Directions for this task: Write out, from the entries below, exactly the lines that run between the lines holding "Winter Photograph - Dawn" and "Deep Rootrainer - Greenhouse Megastore", inclusive, and stop there.

Supplied data:
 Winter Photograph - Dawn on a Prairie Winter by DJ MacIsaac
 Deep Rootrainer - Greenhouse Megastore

...

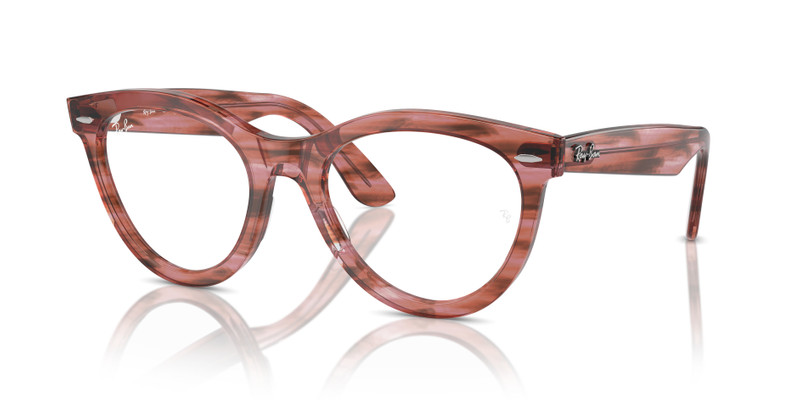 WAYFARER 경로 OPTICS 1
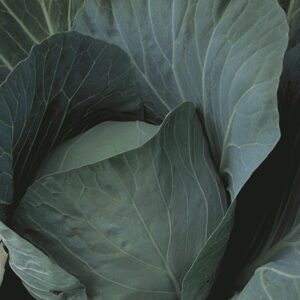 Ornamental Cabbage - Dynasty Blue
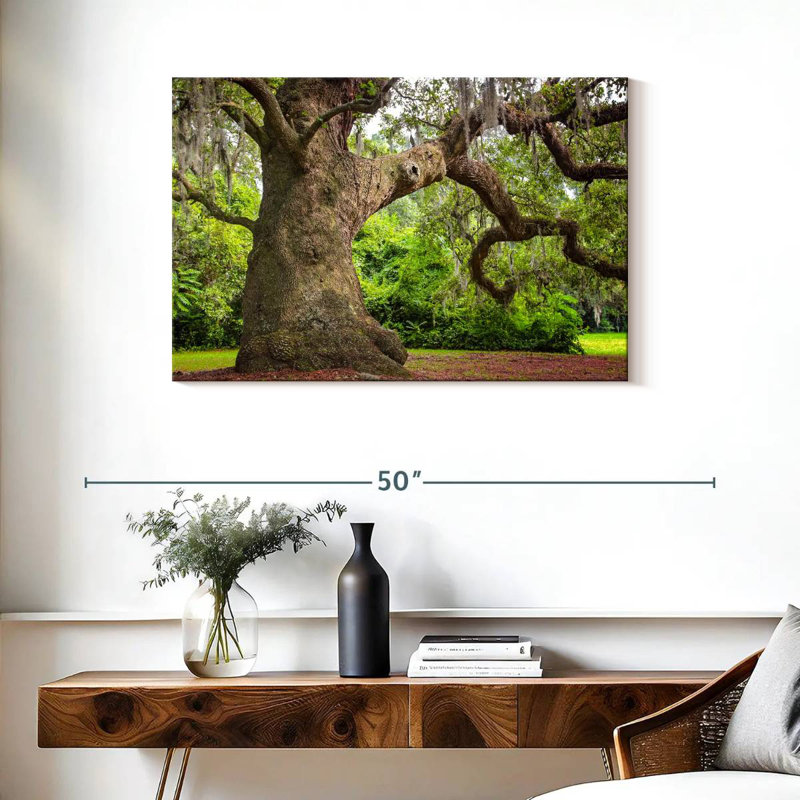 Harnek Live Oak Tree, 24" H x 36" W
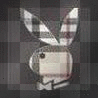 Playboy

Result of this exercise:
 Winter Photograph - Dawn on a Prairie Winter by DJ MacIsaac
 Deep Rootrainer - Greenhouse Megastore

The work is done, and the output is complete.